- **WHAT THIS TASK INVOLVES**
Restate all data exactly. No images.

- **INFORMATION SHOWN**
Start of Block
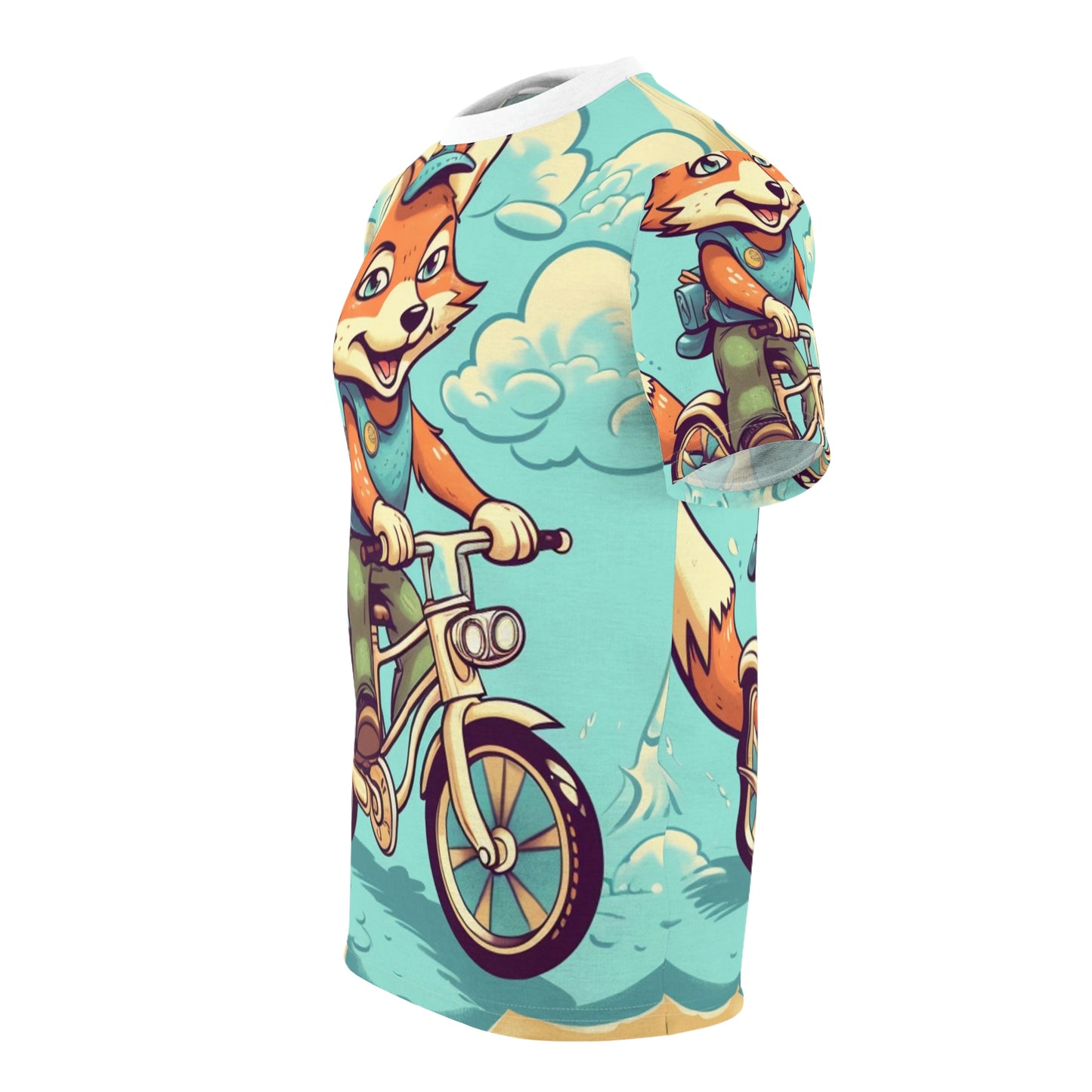 Fox Bike Ride Adventure Graphic Cyclist Unisex Cut & Sew Tee (AOP)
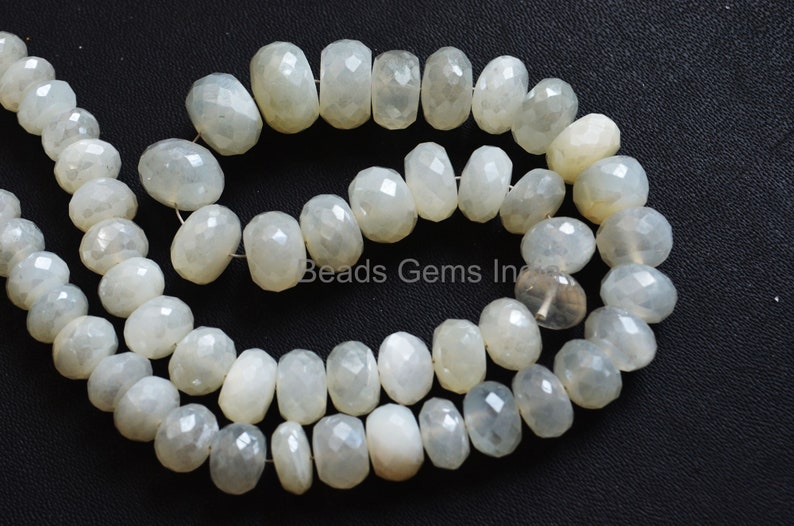 17/'/',MC-5BGI62 6-11.5 mm White Moonstone Silverite Rondelle Beads Sold By Strand White Moonstone Silverite Faceted Beads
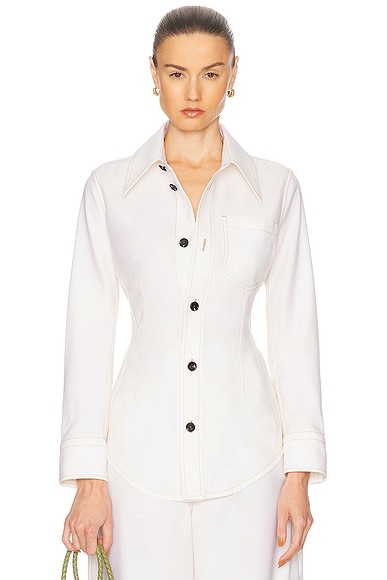 Bottega Veneta Button Up Top in Dove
End of Block
- **ANSWER TO THIS EXERCISE**
 Fox Bike Ride Adventure Graphic Cyclist Unisex Cut & Sew Tee (AOP)
 17/'/',MC-5BGI62 6-11.5 mm White Moonstone Silverite Rondelle Beads Sold By Strand White Moonstone Silverite Faceted Beads
 Bottega Veneta Button Up Top in Dove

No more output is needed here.